Die strikte Absage an eine neuerliche Koalition mit den Grünen ist das konkreteste Angebot, das Lindner im Wahlkampf unterbreiten kann. Welche Stellschrauben er für seine viel beworbene Wirtschaftswende jenseits des allzeit beschworenen Bürokratieabbaus drehen will, bleibt im Argen. Wie die FDP sich glaubhaft gegen Rassismus und für Diversität einsetzen will, wie sie das in ihrem am Sonntag einstimmig beschlossenen Wahlaufruf fordert, ist ebenfalls schleierhaft – schließlich hat der Parteichef gleichzeitig keine Skrupel, Gesetze im Bundestag im Zweifel gemeinsam mit der AfD durchzubringen.
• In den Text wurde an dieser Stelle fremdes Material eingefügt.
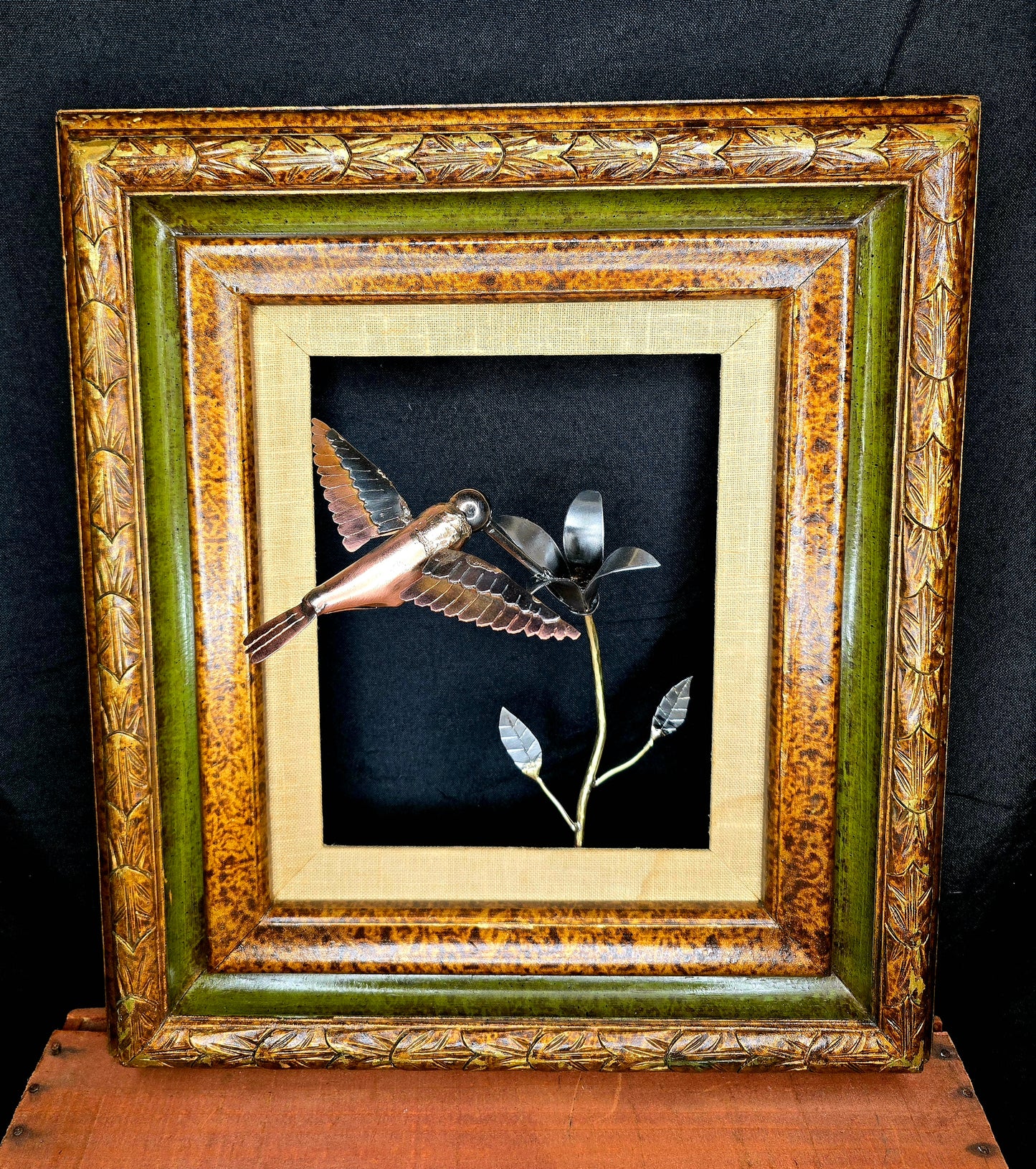 Handcrafted metal hummingbird and flower wall sculpture made from reclaimed steel, designed to capture movement and nature by Enrique Del Angel.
Kurz vor der Wahl scheint dem FDP-Chef der Laden auseinanderzufliegen: Seine Partei tackert sich in Umfragen bei 4 Prozent fest, der erhoffte Wirtschaftswahlkampf wird vom Angriff in Aschaffenburg und dem Fall der Brandmauer im Bundestag überlagert. Und dann schafft es die Parteiführung nicht, beim Thema Migration einen Konsens in den eigenen Reihen herzustellen.
Mit seiner Rede auf dem Parteitag und den Ohrfeigen gegen den Lieblingsgegner Grüne lieferte Lindner eine sehnlichst gewünschte Selbstvergewisserung. Wird die 5-Prozent-Hürde für den Parteichef zu einer Limbostange, unter der er hindurchtänzelt? Oder zu einer Hochsprunglatte, über die er knapp drübersegelt? Vor allem für den Parteichef ist diese Frage karriereentscheidend. Kaum zu glauben, dass Lindner da schon die Argumente ausgegangen sind.